What is required: Skip the pictures, please, and write out exactly every line from the one containing "SPHINX Artificial Marigold" through the end of the listing below.

Data supplied:
══════════════════════════════

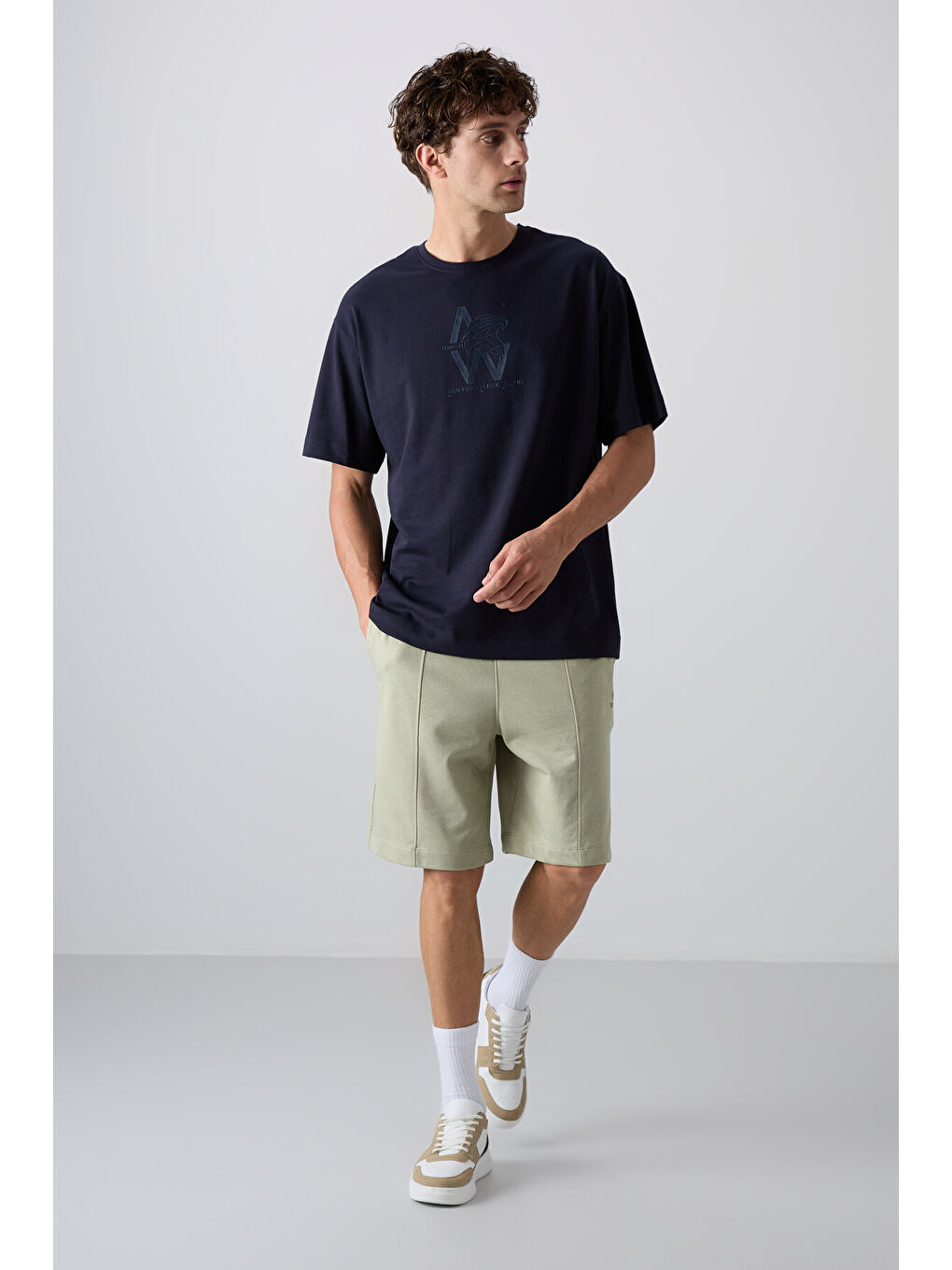 Lacivert Pamuklu Kalın Yumuşak Dokulu Oversize Fit Baskılı Erkek Tişört - 88332-1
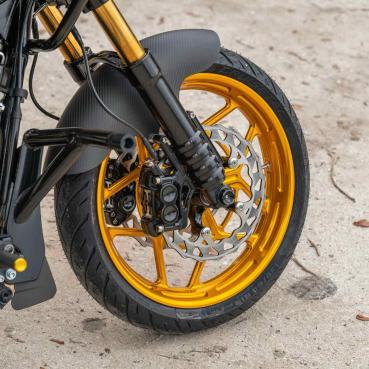 Arlen Ness, Speed-5-Felge 21 x 3.5 Zoll, vorne, gold – Universell passend. Das modellspezifische Arlen-Ness-Nabenkit muss für ein vollständiges Rad separat bestellt werden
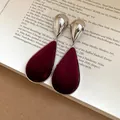 Retro teardrop earrings with silver metal and deep red velvet finish - Water Drop Earrings (WE5069-1) / Silver-Wine Red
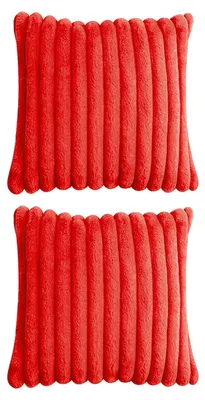 Samt-Kissenbezug 2er Pack 40x40 cm Rot, waschbar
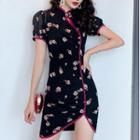Short-sleeve Floral Mini Qipao Dress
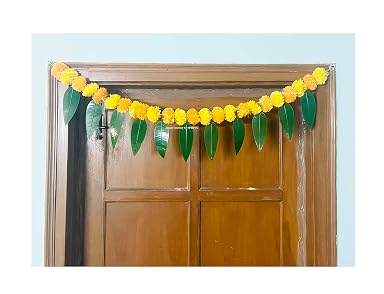 SPHINX Artificial Marigold &Mango Leaves Simple Door-Window toran/Door hangings/Festive Decorations - Approx.100 cms/40 Inches/3.33 Ft. - (Yellow and Light Orange, 1 Piece only)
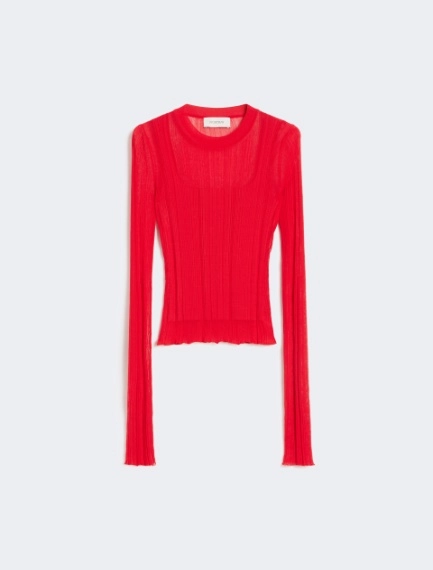 Trompe l'oeil viscose jumper - RED - Sportmax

══════════════════════════════

Output of the task:
 SPHINX Artificial Marigold &Mango Leaves Simple Door-Window toran/Door hangings/Festive Decorations - Approx.100 cms/40 Inches/3.33 Ft. - (Yellow and Light Orange, 1 Piece only)
 Trompe l'oeil viscose jumper - RED - Sportmax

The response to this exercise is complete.